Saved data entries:
::::::::::
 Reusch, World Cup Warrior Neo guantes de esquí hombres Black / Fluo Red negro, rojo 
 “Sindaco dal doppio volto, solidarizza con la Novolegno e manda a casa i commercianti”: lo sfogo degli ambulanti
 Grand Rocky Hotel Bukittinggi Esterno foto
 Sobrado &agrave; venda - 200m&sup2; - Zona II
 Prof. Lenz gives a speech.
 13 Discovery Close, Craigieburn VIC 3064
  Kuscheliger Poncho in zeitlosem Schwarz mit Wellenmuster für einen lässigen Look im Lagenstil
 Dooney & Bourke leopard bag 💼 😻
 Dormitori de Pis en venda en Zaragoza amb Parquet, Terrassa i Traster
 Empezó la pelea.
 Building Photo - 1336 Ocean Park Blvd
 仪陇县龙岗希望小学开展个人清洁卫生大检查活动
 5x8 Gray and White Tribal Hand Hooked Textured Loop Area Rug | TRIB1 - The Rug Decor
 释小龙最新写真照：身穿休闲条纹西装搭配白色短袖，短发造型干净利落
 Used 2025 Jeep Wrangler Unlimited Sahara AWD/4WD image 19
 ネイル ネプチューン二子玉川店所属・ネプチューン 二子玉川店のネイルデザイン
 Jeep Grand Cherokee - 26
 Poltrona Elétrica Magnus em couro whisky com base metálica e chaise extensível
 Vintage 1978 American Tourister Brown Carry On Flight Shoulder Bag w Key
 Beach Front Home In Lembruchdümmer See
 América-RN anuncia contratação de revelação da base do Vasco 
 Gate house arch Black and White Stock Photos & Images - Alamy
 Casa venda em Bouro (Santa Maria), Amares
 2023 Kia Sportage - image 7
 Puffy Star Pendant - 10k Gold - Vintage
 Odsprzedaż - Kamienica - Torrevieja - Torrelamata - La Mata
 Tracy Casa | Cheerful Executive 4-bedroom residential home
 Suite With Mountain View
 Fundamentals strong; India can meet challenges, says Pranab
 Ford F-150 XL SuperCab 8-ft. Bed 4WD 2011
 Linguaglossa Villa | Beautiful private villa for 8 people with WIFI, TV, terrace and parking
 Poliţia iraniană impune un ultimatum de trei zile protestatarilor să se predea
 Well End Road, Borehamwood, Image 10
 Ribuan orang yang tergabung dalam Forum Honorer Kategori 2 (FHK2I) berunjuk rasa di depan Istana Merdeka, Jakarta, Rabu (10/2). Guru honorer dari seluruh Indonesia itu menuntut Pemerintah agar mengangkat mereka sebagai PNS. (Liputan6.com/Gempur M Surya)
::::::::::
- What is needed -
Give the records again, exactly as they appear.

- Your solution -
 Reusch, World Cup Warrior Neo guantes de esquí hombres Black / Fluo Red negro, rojo 
 “Sindaco dal doppio volto, solidarizza con la Novolegno e manda a casa i commercianti”: lo sfogo degli ambulanti
 Grand Rocky Hotel Bukittinggi Esterno foto
 Sobrado &agrave; venda - 200m&sup2; - Zona II
 Prof. Lenz gives a speech.
 13 Discovery Close, Craigieburn VIC 3064
  Kuscheliger Poncho in zeitlosem Schwarz mit Wellenmuster für einen lässigen Look im Lagenstil
 Dooney & Bourke leopard bag 💼 😻
 Dormitori de Pis en venda en Zaragoza amb Parquet, Terrassa i Traster
 Empezó la pelea.
 Building Photo - 1336 Ocean Park Blvd
 仪陇县龙岗希望小学开展个人清洁卫生大检查活动
 5x8 Gray and White Tribal Hand Hooked Textured Loop Area Rug | TRIB1 - The Rug Decor
 释小龙最新写真照：身穿休闲条纹西装搭配白色短袖，短发造型干净利落
 Used 2025 Jeep Wrangler Unlimited Sahara AWD/4WD image 19
 ネイル ネプチューン二子玉川店所属・ネプチューン 二子玉川店のネイルデザイン
 Jeep Grand Cherokee - 26
 Poltrona Elétrica Magnus em couro whisky com base metálica e chaise extensível
 Vintage 1978 American Tourister Brown Carry On Flight Shoulder Bag w Key
 Beach Front Home In Lembruchdümmer See
 América-RN anuncia contratação de revelação da base do Vasco 
 Gate house arch Black and White Stock Photos & Images - Alamy
 Casa venda em Bouro (Santa Maria), Amares
 2023 Kia Sportage - image 7
 Puffy Star Pendant - 10k Gold - Vintage
 Odsprzedaż - Kamienica - Torrevieja - Torrelamata - La Mata
 Tracy Casa | Cheerful Executive 4-bedroom residential home
 Suite With Mountain View
 Fundamentals strong; India can meet challenges, says Pranab
 Ford F-150 XL SuperCab 8-ft. Bed 4WD 2011
 Linguaglossa Villa | Beautiful private villa for 8 people with WIFI, TV, terrace and parking
 Poliţia iraniană impune un ultimatum de trei zile protestatarilor să se predea
 Well End Road, Borehamwood, Image 10
 Ribuan orang yang tergabung dalam Forum Honorer Kategori 2 (FHK2I) berunjuk rasa di depan Istana Merdeka, Jakarta, Rabu (10/2). Guru honorer dari seluruh Indonesia itu menuntut Pemerintah agar mengangkat mereka sebagai PNS. (Liputan6.com/Gempur M Surya)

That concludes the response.